Nous sommes tous, à plus ou moins grande mesure, confrontés à l’IA. Nous en jouons comme d’un secrétaire, certains médecins y cherchent des réponses à des maladies énigmatiques, des créateurs s’en inspirent. L’ampleur des informations recueillies, redonnées à une rapidité sidérante, nous amuse, à défaut de voir la bascule d’une société et d’en mesurer les conséquences, quelles qu’elles soient. Ces enjeux sont abordés lors de cette exposition, qui se décline selon les grands axes suivants: l’IA analytique et la reconnaissance faciale, l’exploration des „espaces latents“ – ces réseaux de neurones artificiels qui proposent du monde, un code, et produisent par eux-mêmes des images, des sons, de l’écriture, des traductions – l’exploitation humaine derrière cette automatisation, et enfin les problèmes écologiques et matériels liés à cette exploitation. La visite se voulant immersive, une sorte de vertige saisit le spectateur, devant cet infini technologique qui se profile. Il s’agirait presque, au travers de certaines œuvres, de se souvenir du monde d’avant.
Ruser avec l’IA
Les processus artistiques, bouleversés par l’IA, s’engagent dans des contrées pas tout à fait saisissables. Comme s’il s’agissait d’expérimenter et de rendre visibles les coutures, les greffes, entre la vision humaine et les productions de l’IA. Certains artistes vont même jusqu’à tenter de s’éloigner du champ attendu de l’IA en proposant une de leurs œuvres, et en prenant un autre chemin que celui proposé par l’IA, pour l’œuvre suivante. Ce qui est encourageant pour l’intelligence humaine, qui tentera toujours de ruser ou d’explorer certaines limites, même si celles-ci semblent inaccessibles.

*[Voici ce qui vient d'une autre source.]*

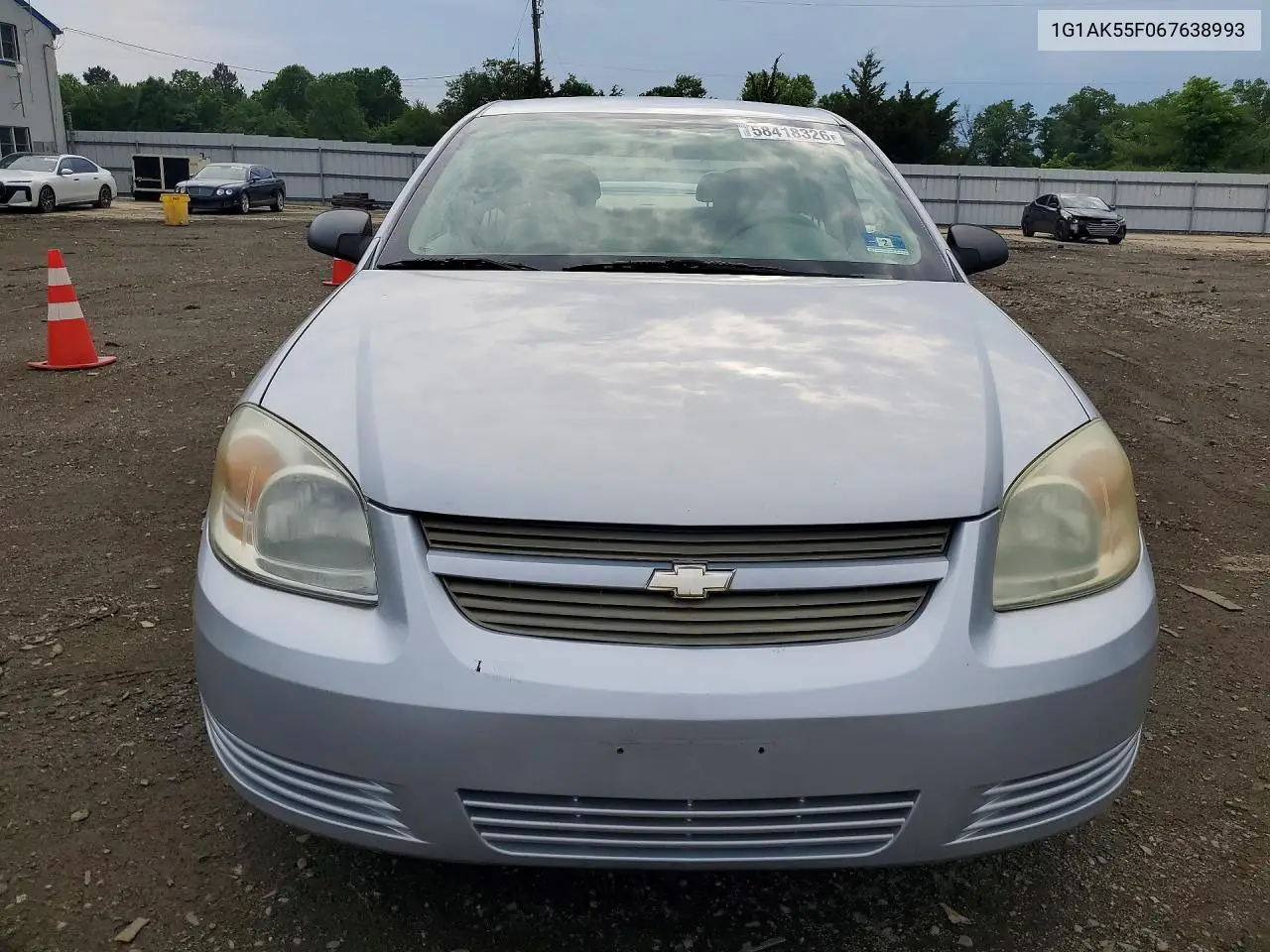 2006 Chevrolet Cobalt Ls VIN: 1G1AK55F067638993 Lot: 58418326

La notion d’intelligence artificielle a été introduite en 1955. Elle a fait son chemin depuis. Les artistes interrogent ici les technologies mises en œuvre par L’IA, leurs conséquences sur l’art, ainsi que des notions plus juridiques comme celles des droits d’auteur. Se pose également la question de l’écologie, tant l’IA, abstraite, mobilise, sans que l’on y pense, un environnement et des ressources. La tension entre l’être humain et l’IA semble être celle de la reconnaissance faciale. L’œuvre emblématique, Faces of ImageNet, de Trevor Paglen, met en scène cette reconnaissance faciale et sa simplification à l’extrême, qui nie l’individualité de chacun, le réduisant à quelques traits communs – de la même façon que chacun possède un squelette. Cet être humain semble également au service de la technologie, une sorte d’esclavage invisible et peu rémunéré, lorsqu’il s’agit des „travailleurs du clic“, qui effectuent des tâches répétitives en ligne, travail ici documenté et mis en lumière, ce qui crée un fossé entre notre perception du Net et les ressources réelles qui s’y cachent, son exploitation humaine et écologique.
Comme une fiction de plus
Mais l’IA fascine par la multiplicité et l’étendue de ses ressources. De nouvelles données apparaissent, à partir d’images, de textes, de sons, combinaisons à l’infini, avec lesquelles il s’agit de composer, de créer. Le cinéma ouvre son horizon à de nouvelles perspectives narratives et illustratives, tandis qu’ailleurs des artistes tentent de nouveaux abécédaires, des langues jusque-là inconnues, à l’aide d’algorithmes. Et Snapchat est de la partie avec Christian Marclay et son œuvre, The Organ, où un piano connecté propose des combinaisons de vidéos circulant sur Snapchat, en fonction de leur fréquence sonore.
D’autres créent des paysages hallucinatoires où faire la part du vrai et du faux donne une idée d’un paysage nouveau, comme un envers du décor, et questionne notre rapport au réel. Oui, il s’agit bien ici de comprendre que tout se transmute et que des infinis combinés nous mènent vers d’autres dimensions jusque-là insoupçonnées, comme une fiction de plus.
„Le monde selon l’IA“, jusqu’au 21 septembre 2025 au Jeu de Paume (place de la Concorde, 75008 Paris), jeudepaume.org.